Current Ceilometer architecture:
This brought two distinct advantages to the solution: the first is that we can integrate with any of the Ceilometer agents out of the box, so we can integrate data from all the data sources that Ceilometer supports now and in the future; the second is that we remove the RabbitMQ re-publishing of Samples.
This latter aspect is particularly problematic in large deployments. RabbitMQ clustering has some limitations around the 20M-mark load; this can slow down the queue performance and impact other services relying on the queue. In the Ceilosca case the samples are sent as “measurements” directly to the Monasca API, which stores them into Kafka. This allows for a different publishing rate from the storage rate increasing performance and optimization at the distinct layers.
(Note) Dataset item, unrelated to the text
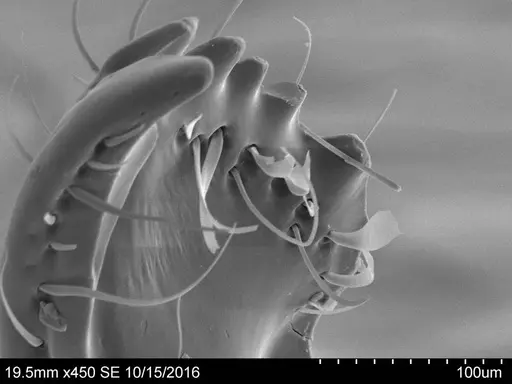 Adelomyrmex robustus specimen CASENT0631968 image casent0631968_1
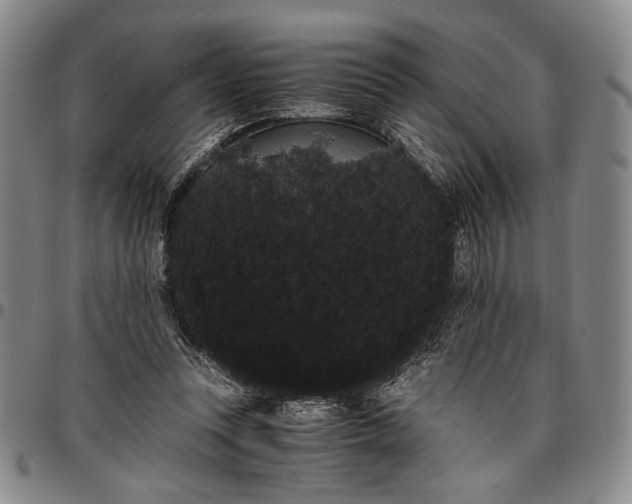 X0000096640351200802191225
The Monasca Publisher in the Ceilometer agent also leverages another important aspect in publishing to Monasca, batching. The Monasca Publisher for Ceilometer has three parameters that can be set to control the batching behavior and performance:
- Batch count. This allows specifying how many messages are buffered and sent at in one http request to the Monasca. The Monasca API accepts “measurements” from different “metrics” without having to aggregate them and this is a huge performance boost.
- Batch timeout. This specifies the max time to wait before committing to the batch. Usually this is helpful in the case your message bus is only handling events and not polling, which means it is rare to get a huge amount in a short window of time.
- Batch checking interval. This dictates the frequency when the publisher is checking on the batch size and timeout to understand when is time to make the API POST request. Clearly this has to be carefully set to avoid repeated useless checks but cannot be too large to excessively delay the “measurements” publishing.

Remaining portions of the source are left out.